Добавить в цитаты Настройки чтения

Страница 30 из 54



– Отчего приключилось? – повторил Сухоруков. – Да от диавола все… От твоего демона, – произнес он с усмешкой. – От того и приключилось… Он ко мне прикоснулся…

– Я тебя серьезно спрашиваю, – сказал Лермонтов.

– И я серьезно отвечаю, – проговорил Сухоруков. – Можешь мне верить или не верить, – начал он совсем уж серьезно, – но я тебе всю правду скажу. От злой силы все это произошло… И эта злая сила существует вот так же, как и ты, и я существуем, и, может быть, она, зта злая сила, сейчас здесь, в этой комнате, вместе с нами…

– А Бог существует? – не без иронии прервал Сухорукова Лермонтов.

– Не знаю, существует ли Бог, – отвечал Сухоруков, – но знаю, что диавол живет, и живет он не только в твоем воображении, а живет реально, сам по себе.

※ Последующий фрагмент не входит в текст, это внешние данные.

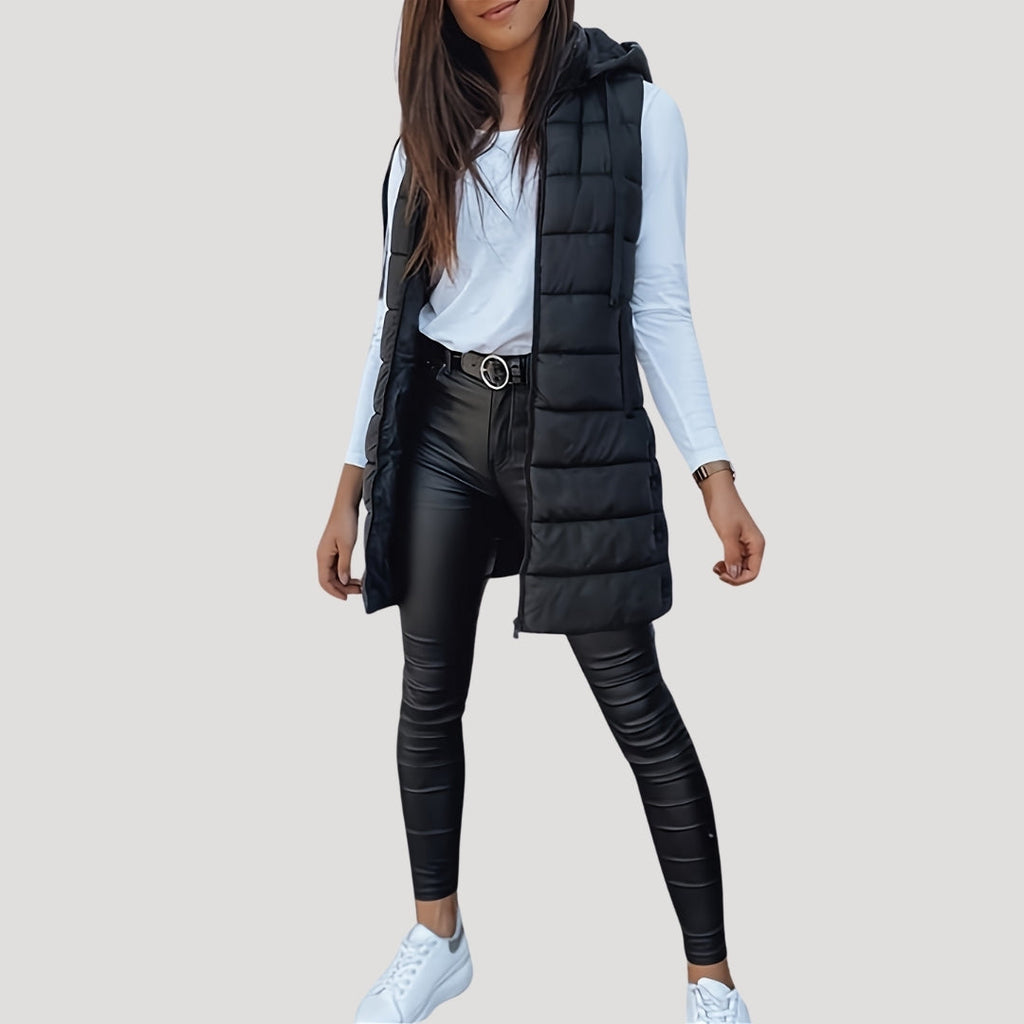 Women's Long Quilted Puffer Gilet with Hood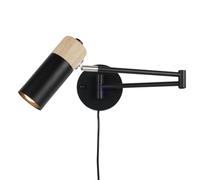 Alpinaluz Applique murale noire avec bois naturel, bras extensible et spot E27 orientable à 360°, câble avec prise et interrupteur, design nordique moderne
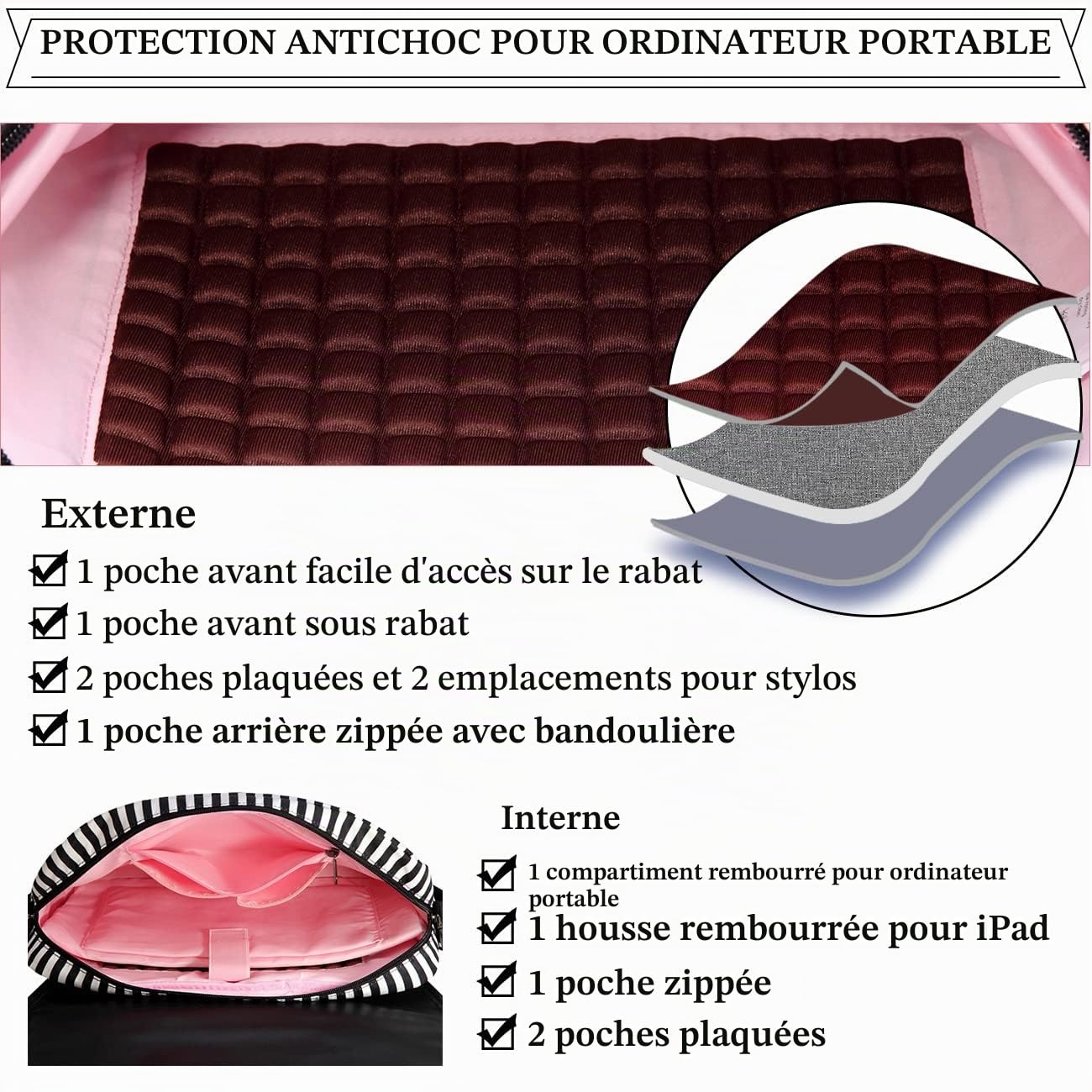 RAVUO Sacoche Femme,Résistant À L'eau Sac Ordinateur Sac Pc Portable 15.6 Pouces Grand Sac A Main Sac Bandouliere Pour Travail Business L'École Collège Noir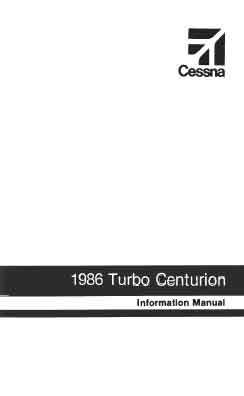 Cessna Turbo 210R Centurion 1986 Pilot's Information Manual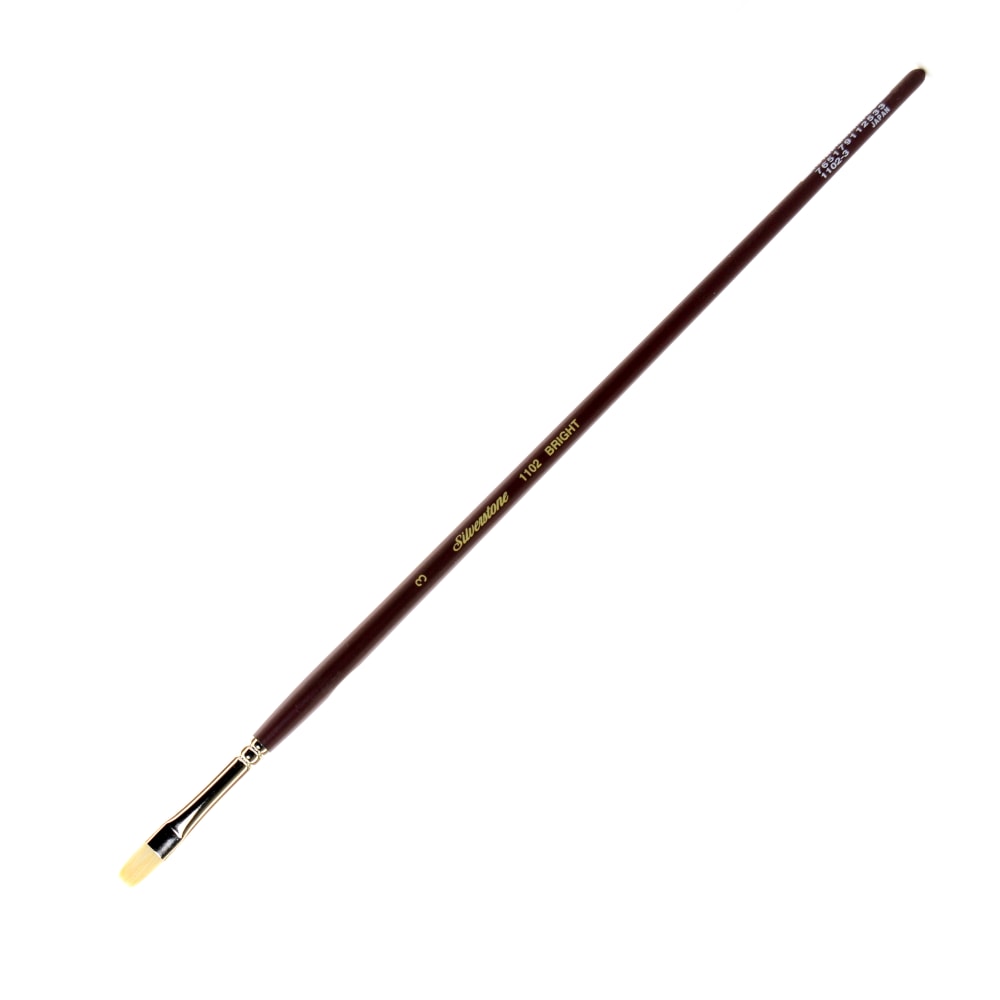 Silver Brush Silverstone Paint Brush, Series 1102, Size 3, Bright Bristle, Hog Hair, Maroon MPN:1102-3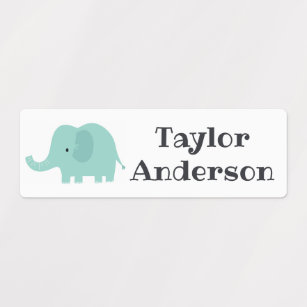 Cute Blue Elephant Cartoon Personalized Name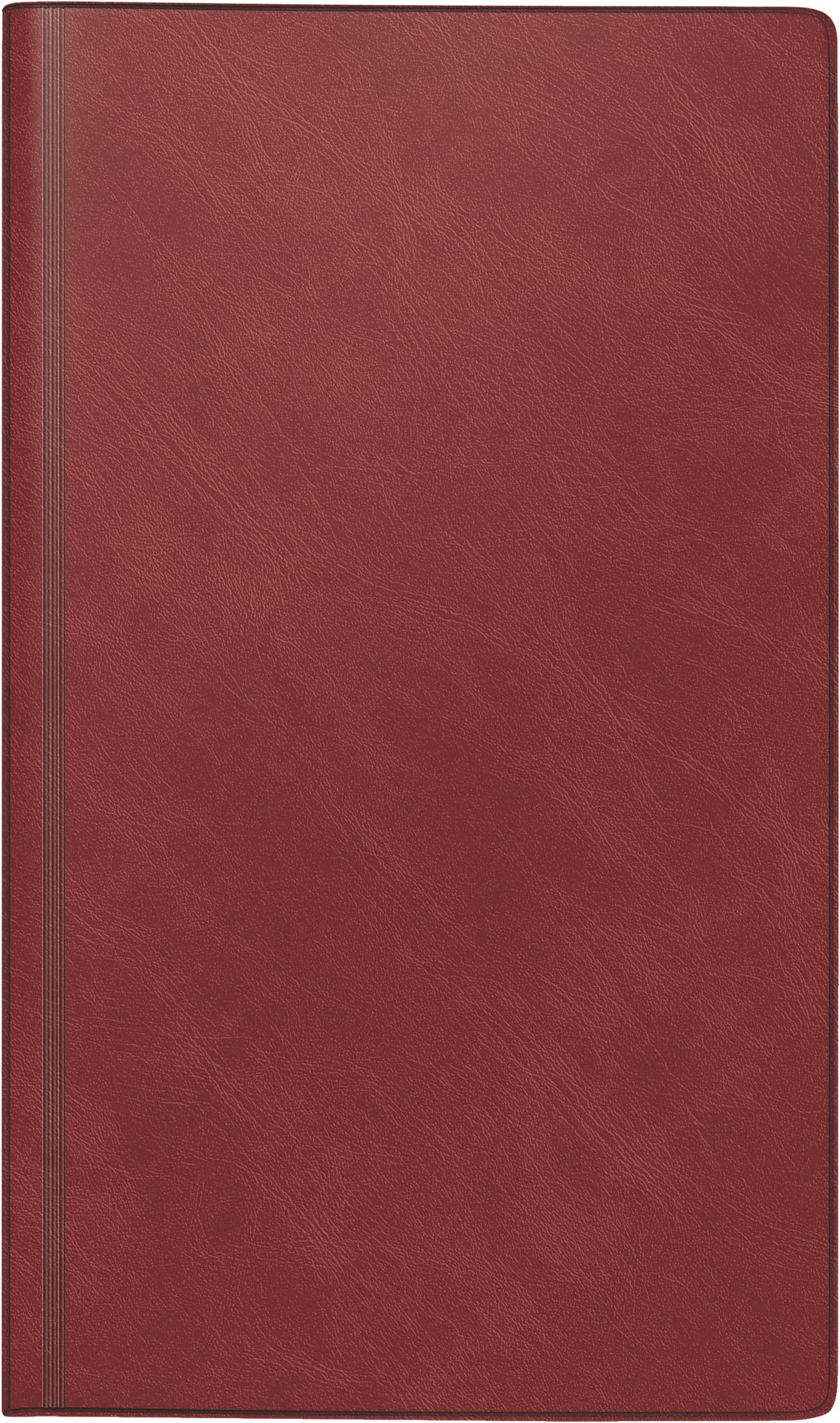 rido/idé Book calendar model travel merker (2025), 1 page = 1 day, 113 × 195 mm, 416 pages, foam film cover Catana, wine red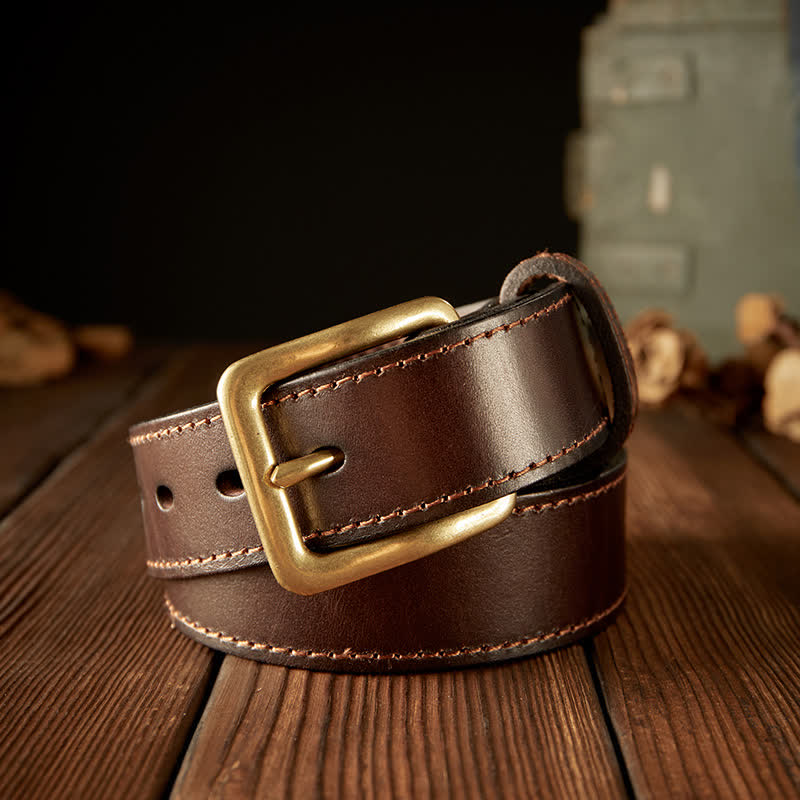 Men's Vintage Single Prong Buckle Leather Belt - Image 3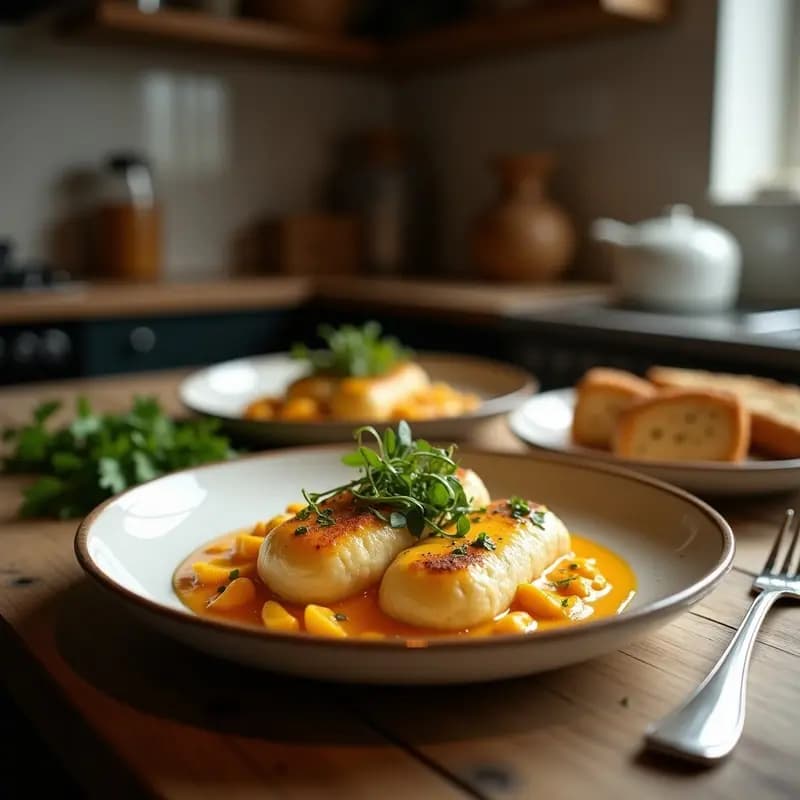 T Rostocki Polaco con Queso Fundido y Champiñones: Receta para Desayuno o Cena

В этом я убедился и постоянно убеждаюсь…

– Ого! Да он – мистик… это интересно! – воскликнул Лермонтов. – Послушай, Монго,[2] – обратился он к Столыпину, – как ты Сухорукова находишь? Не правда ли, он интересен, наш милый цыган?.. Будь у меня время, я бы с ним об этих сюжетах поговорил всерьез. Беда только, что нам со Столыпиным спешить надо и что сегодня я должен ехать в полк… – Лермонтов посмотрел на часы. – Да! Мне вот сейчас надо собираться, и я не могу опаздывать. Прощай, Сухоруков, не поминай нас лихом… Столыпин, двигаемся!..

Лермонтов и Столыпин встали, чтобы уходить.

Сухоруков протянул руку друзьям.

– Прощай, Лермонтов! Прощайте, Столыпин, – грустно сказал он. – Увидимся ли еще?..

– Не знаю, как ты, – отвечал Лермонтов, – а я все сделаю, чтобы уменьшить вероятность нашего следующего свидания… Я, во всяком случае, постараюсь жить как можно короче, постараюсь, милый друг, найти благодетеля, который избавит меня от тягости жизни…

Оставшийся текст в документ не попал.